After presenting different plans to City Council, many months of back-and-forth and discussion followed with the Bosque County judge and commissioners regarding relinquishing of the old jail site. Then the step by step demolition of the old jail interior, and a spectacular bringing down of the walls with heavy equipment – dust clouds exploding as the wall slabs hit the ground.
Finally, the much-anticipated groundwork for the amphitheater and placement of the limestone blocks started. As the structure took form, nestled in the natural incline, it was already inviting, welcoming people to come and sit and enjoy some serenity.
With the laying of grass sod – in the pouring rain by many volunteer hands, young and old – and the irrigation to ensure the grass took hold in the hot August month, it finally dawned on the Parks and Recreation crew – Meridian has a first-class, beautiful, inviting park facility, for all to use and enjoy.
Further beautification is in the works, with ornamental trash cans, additional shade trees and a natural holly shrub barrier to the eastern park boundary. The intention is to offer monthly movie nights, schedule classical music evenings and acoustic folk music events. And the structure is the perfect place for a family picnic, a reunion or even a vow renewal.
Since donations towards the financing of the amphitheater are still sought, there will be a donation jar present at the dedication.
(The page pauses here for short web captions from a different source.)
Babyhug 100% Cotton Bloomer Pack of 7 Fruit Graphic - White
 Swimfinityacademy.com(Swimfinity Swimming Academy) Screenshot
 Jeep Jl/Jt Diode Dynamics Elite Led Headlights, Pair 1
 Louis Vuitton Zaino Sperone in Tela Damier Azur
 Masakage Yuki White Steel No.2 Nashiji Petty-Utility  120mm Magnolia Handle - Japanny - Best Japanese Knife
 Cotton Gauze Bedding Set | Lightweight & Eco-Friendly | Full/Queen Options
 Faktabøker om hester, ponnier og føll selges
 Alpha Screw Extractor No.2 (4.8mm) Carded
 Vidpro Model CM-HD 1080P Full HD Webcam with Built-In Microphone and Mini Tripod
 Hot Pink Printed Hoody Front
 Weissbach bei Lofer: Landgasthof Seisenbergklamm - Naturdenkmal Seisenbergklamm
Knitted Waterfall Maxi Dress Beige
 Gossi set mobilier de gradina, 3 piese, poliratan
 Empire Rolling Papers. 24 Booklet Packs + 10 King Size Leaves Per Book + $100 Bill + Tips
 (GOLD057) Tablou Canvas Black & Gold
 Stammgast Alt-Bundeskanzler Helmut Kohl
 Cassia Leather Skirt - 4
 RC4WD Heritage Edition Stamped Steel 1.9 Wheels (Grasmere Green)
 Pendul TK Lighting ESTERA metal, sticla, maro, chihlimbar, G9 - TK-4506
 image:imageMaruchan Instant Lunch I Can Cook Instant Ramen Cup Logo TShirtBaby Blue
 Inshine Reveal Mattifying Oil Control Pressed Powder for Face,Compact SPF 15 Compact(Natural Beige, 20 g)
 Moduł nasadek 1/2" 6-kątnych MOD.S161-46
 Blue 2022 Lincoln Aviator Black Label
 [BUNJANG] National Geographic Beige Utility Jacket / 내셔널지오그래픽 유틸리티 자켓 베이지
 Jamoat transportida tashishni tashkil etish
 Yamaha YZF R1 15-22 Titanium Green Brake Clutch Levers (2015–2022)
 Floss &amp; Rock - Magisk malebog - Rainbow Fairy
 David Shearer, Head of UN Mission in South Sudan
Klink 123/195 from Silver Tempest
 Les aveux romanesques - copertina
The organizers hope that when people experience the natural, yet elegant beauty of the structure, they will want to become a part of it, by offering some financial support.
What makes the amphitheater more special though and quite the accomplishment is that the it came into being thanks to uncountable hours from a very committed group of volunteers, wholehearted city support and generous private donations.
Which brings the country song “Together anything is possible” by Darius Rucker to mind:
I hear the cry of the wind, Calling me to this place again; When I hear the music play and I hear the children sing; I know together anything is possible. Time would not slip away; We will get through all that life can bring, And I know together anything is possible
Together (anything), Right now I know, (anything), I know that (anything) is possible. Come on, I know now, (anything), Anything is possible (anything); Together anything (anything) is possible. Yeah!
With the amphitheater and innate beauty being an important, very visual step, it seems that with “Our Town, Our Tomorrow” and the enthusiastic citizens coming together to make things work, anything is possible with regards to improving the quality of life in Meridian.
In an area that once harbored an eyesore, a jewel in Meridian’s crown now resides, right next to the crown jewel, the Bosque County Courthouse.